What the exercise asks
Repeat the material exactly from its first line to the line that includes "This is the". Skip pictures.

Exercise data
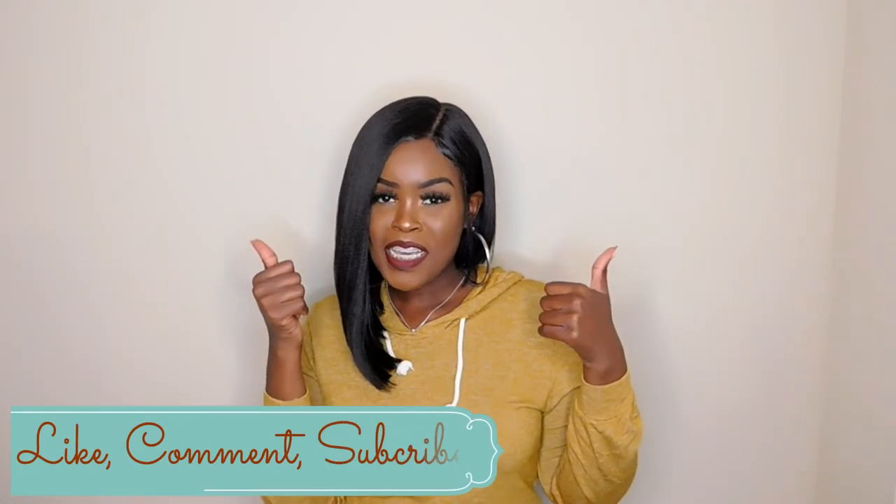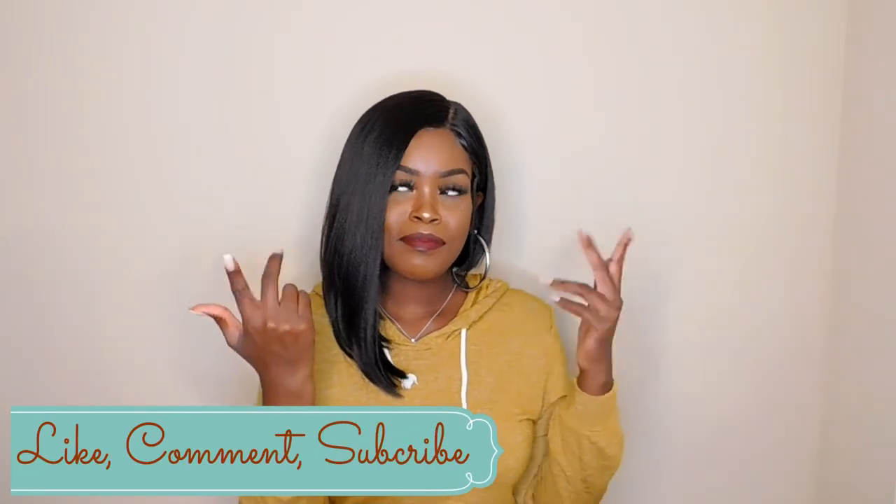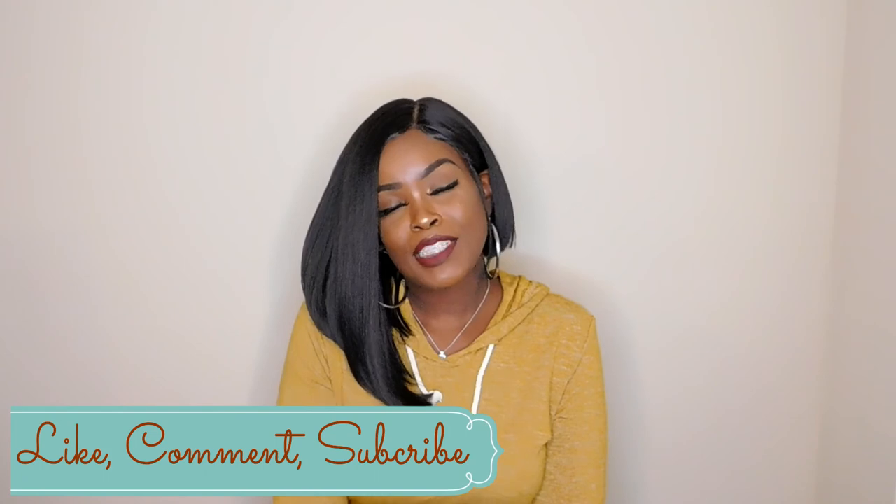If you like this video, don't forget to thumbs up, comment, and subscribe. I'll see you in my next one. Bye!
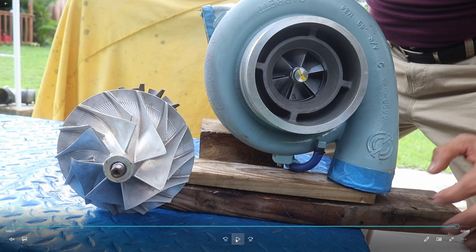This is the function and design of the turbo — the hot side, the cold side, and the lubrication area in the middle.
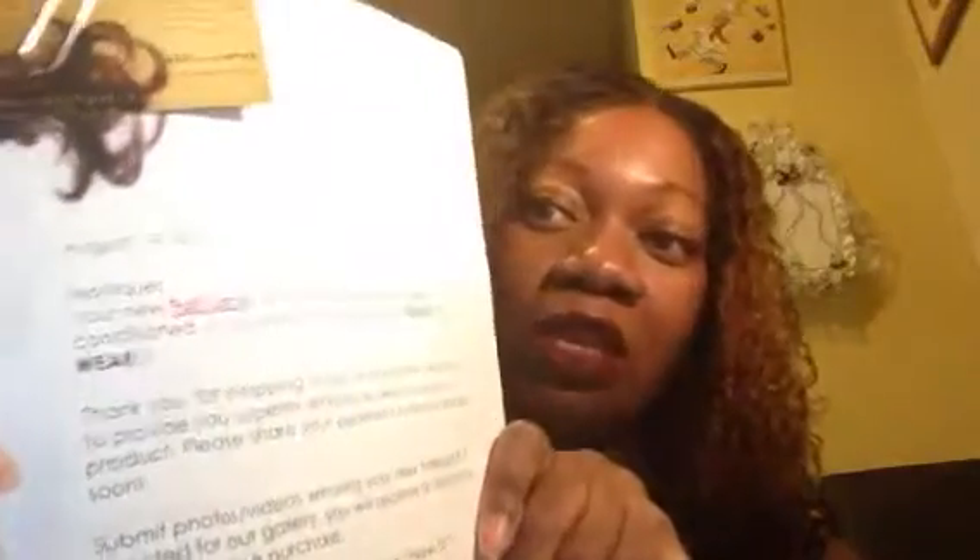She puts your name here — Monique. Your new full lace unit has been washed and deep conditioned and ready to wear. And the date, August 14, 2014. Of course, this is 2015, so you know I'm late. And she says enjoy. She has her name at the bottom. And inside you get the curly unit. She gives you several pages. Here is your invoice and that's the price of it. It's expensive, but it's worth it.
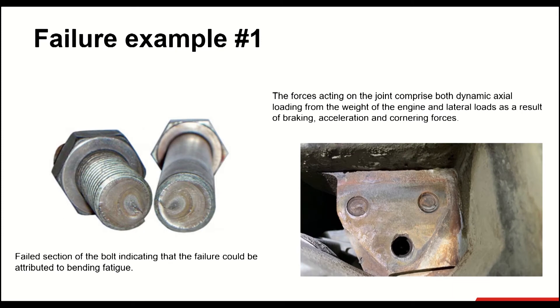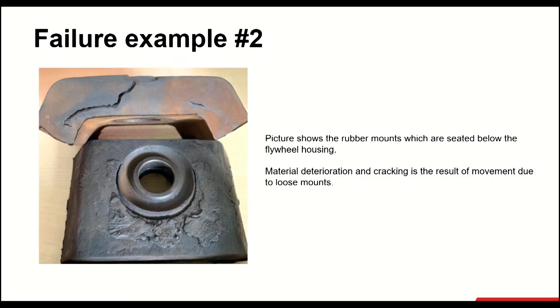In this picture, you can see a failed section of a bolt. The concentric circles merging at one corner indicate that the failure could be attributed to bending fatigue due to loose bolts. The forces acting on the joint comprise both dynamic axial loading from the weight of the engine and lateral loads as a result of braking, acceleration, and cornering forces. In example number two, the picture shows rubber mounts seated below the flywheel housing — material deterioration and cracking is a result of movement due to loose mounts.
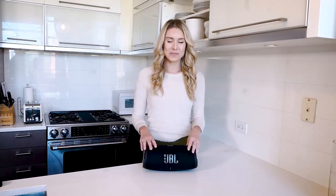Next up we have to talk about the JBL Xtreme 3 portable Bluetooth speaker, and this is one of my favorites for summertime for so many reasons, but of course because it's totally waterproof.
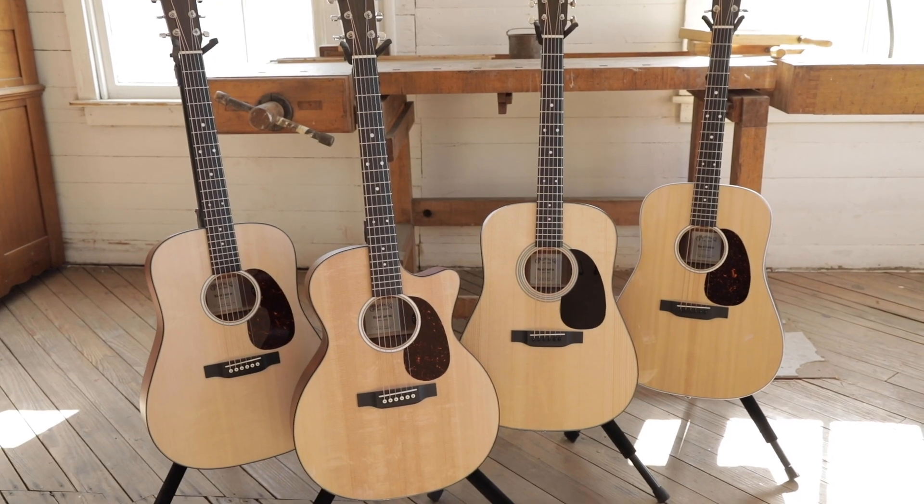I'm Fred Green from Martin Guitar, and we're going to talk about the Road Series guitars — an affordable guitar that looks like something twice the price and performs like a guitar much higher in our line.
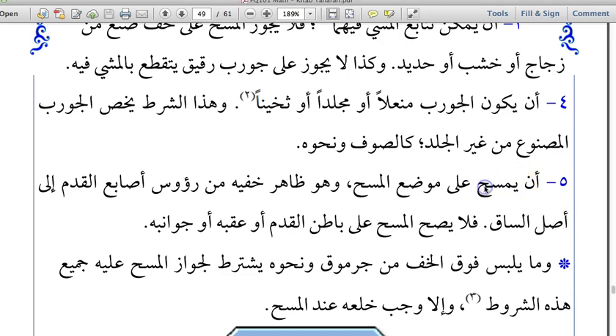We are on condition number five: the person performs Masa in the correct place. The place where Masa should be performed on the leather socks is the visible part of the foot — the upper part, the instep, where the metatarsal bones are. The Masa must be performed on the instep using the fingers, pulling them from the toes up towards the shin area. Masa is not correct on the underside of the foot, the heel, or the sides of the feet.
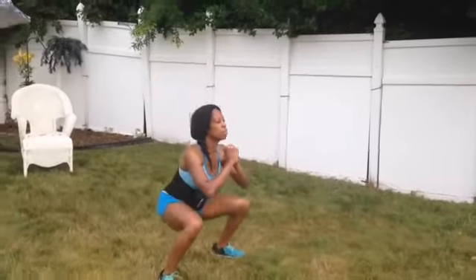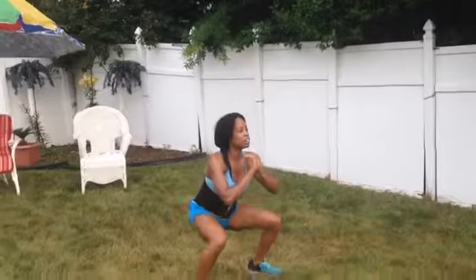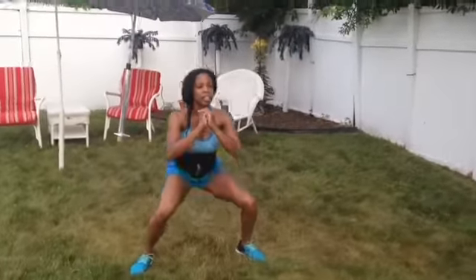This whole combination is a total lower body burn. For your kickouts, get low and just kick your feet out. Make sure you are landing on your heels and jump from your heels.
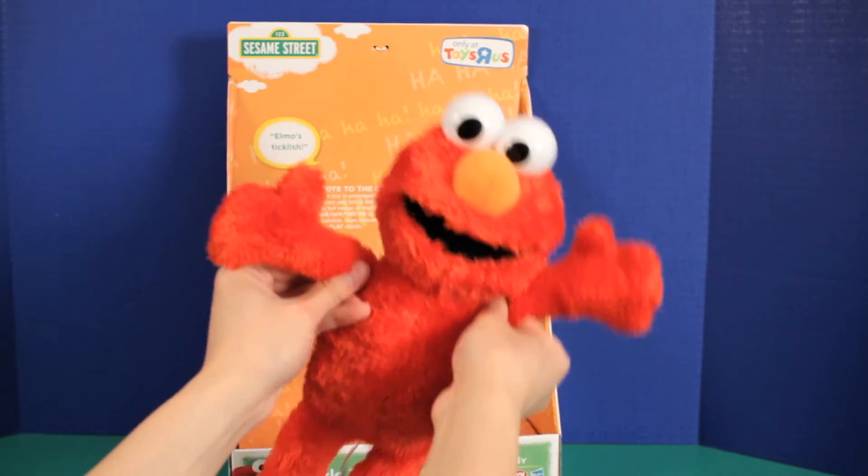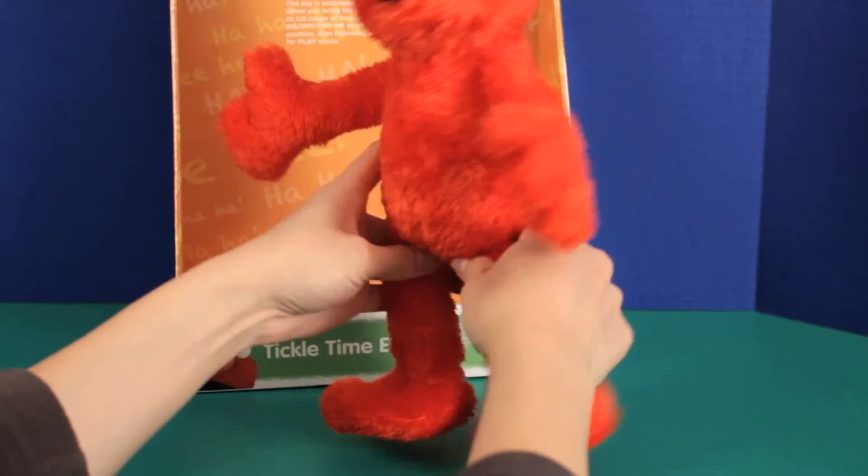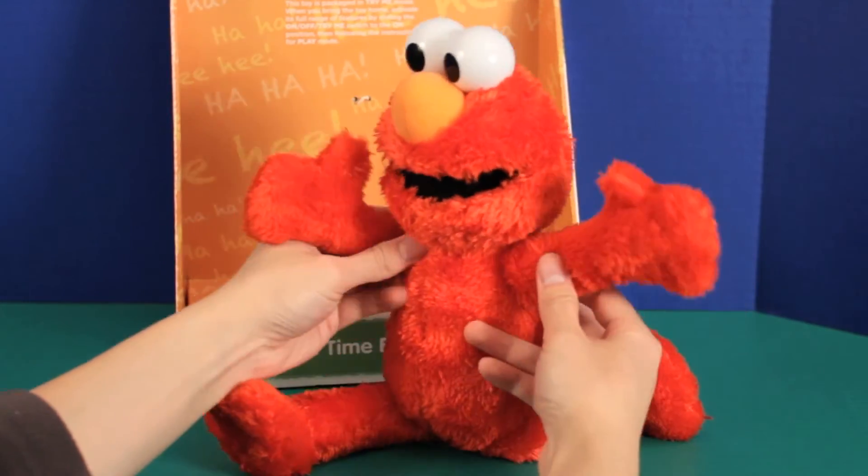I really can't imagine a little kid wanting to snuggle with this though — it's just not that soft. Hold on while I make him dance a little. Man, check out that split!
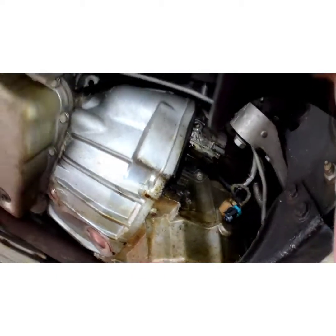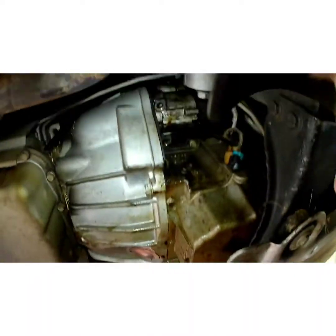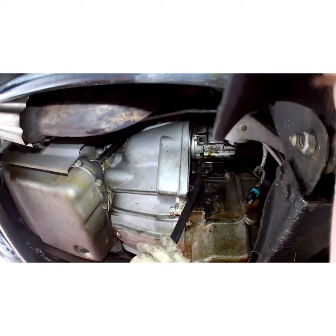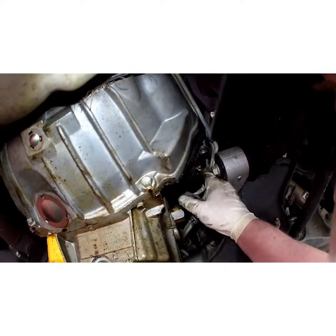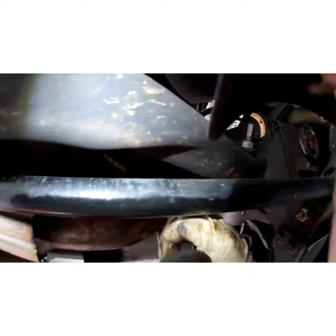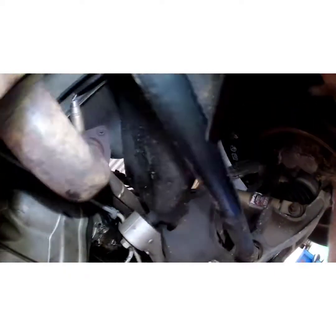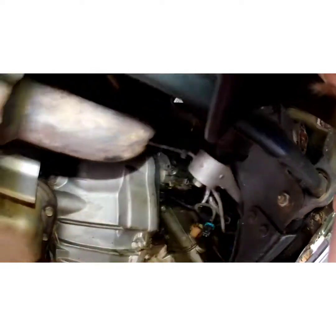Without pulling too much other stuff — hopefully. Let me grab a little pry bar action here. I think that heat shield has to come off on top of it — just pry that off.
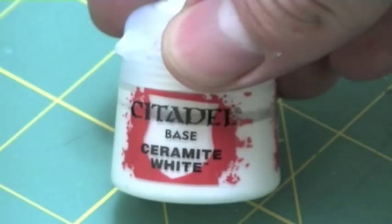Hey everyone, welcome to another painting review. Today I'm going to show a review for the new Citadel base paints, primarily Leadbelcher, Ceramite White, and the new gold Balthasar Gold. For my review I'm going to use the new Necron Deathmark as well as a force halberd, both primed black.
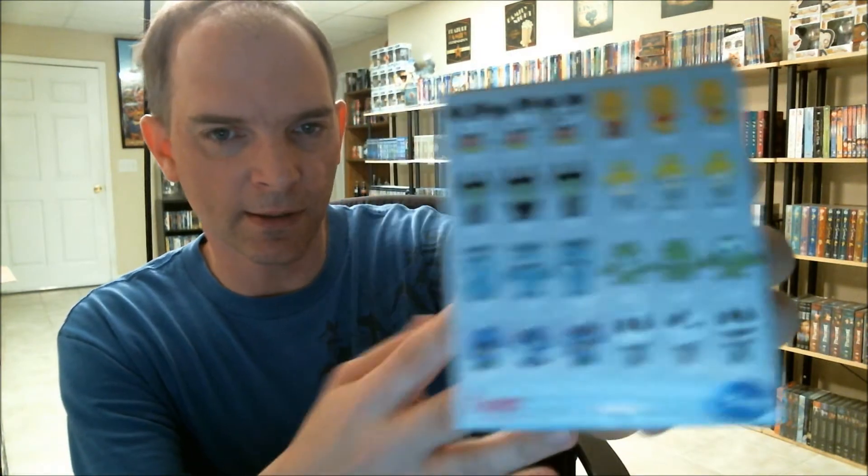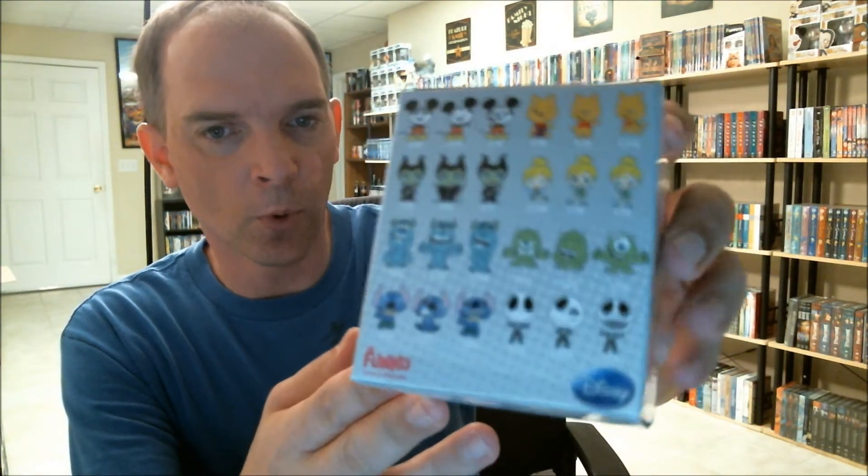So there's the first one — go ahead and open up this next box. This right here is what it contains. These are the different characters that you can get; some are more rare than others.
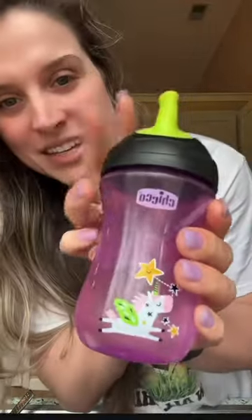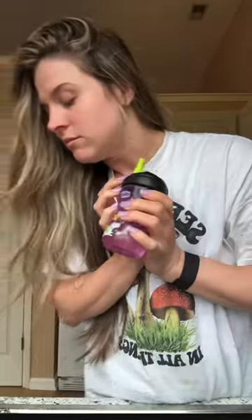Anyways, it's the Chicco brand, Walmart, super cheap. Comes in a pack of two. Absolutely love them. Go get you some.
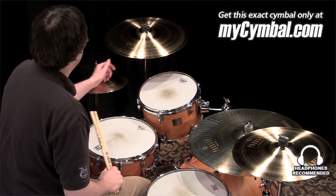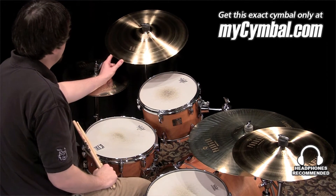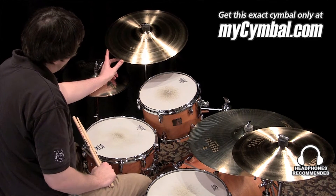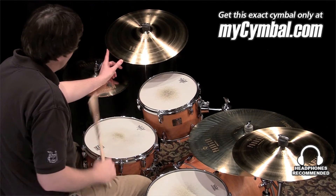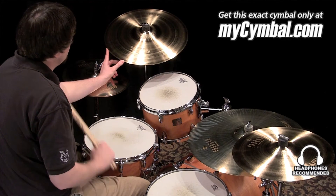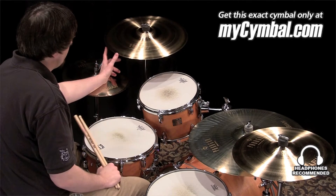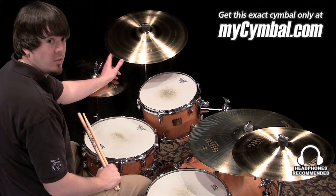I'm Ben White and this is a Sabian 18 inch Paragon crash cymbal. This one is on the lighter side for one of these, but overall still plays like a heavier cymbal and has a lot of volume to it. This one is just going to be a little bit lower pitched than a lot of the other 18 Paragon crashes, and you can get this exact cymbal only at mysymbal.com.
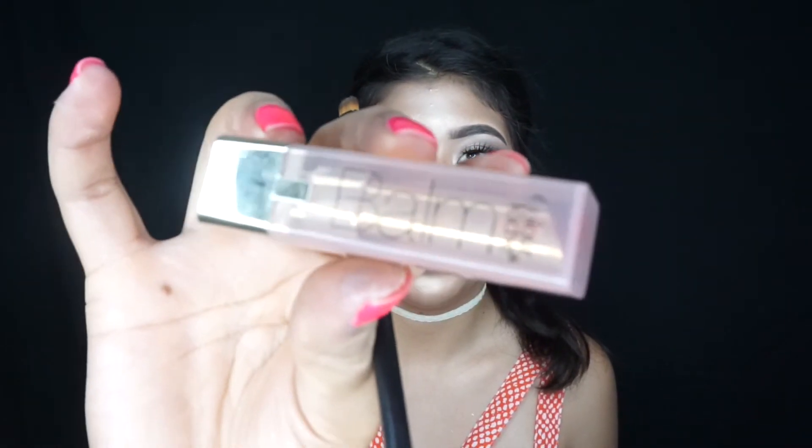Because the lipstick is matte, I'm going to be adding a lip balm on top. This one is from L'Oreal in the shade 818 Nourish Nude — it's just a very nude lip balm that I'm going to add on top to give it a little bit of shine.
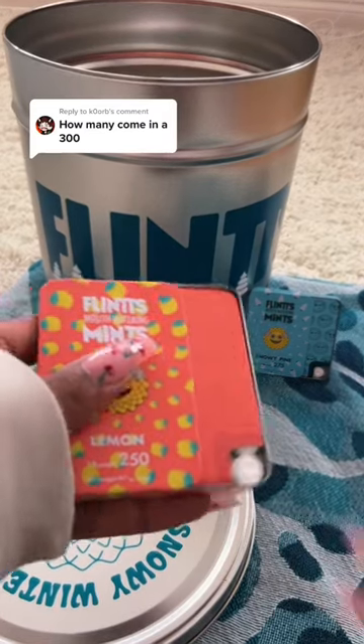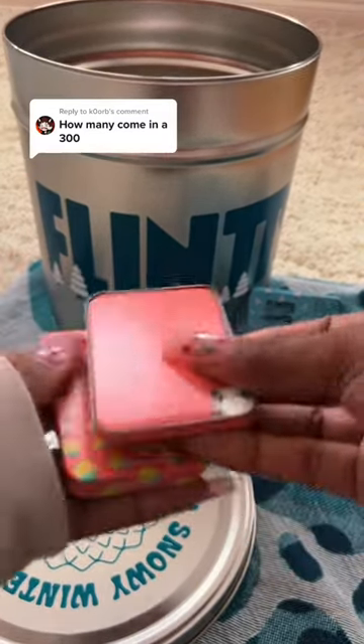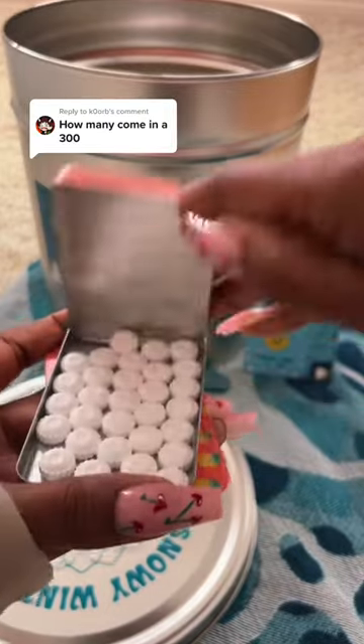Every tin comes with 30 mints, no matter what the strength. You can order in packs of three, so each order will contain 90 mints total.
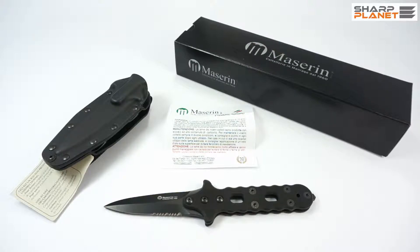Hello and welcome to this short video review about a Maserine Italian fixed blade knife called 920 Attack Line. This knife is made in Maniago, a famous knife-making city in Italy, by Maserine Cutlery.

Result of the task
If you like this video, don't forget to thumbs up, comment, and subscribe. I'll see you in my next one. Bye!
This is the function and design of the turbo — the hot side, the cold side, and the lubrication area in the middle.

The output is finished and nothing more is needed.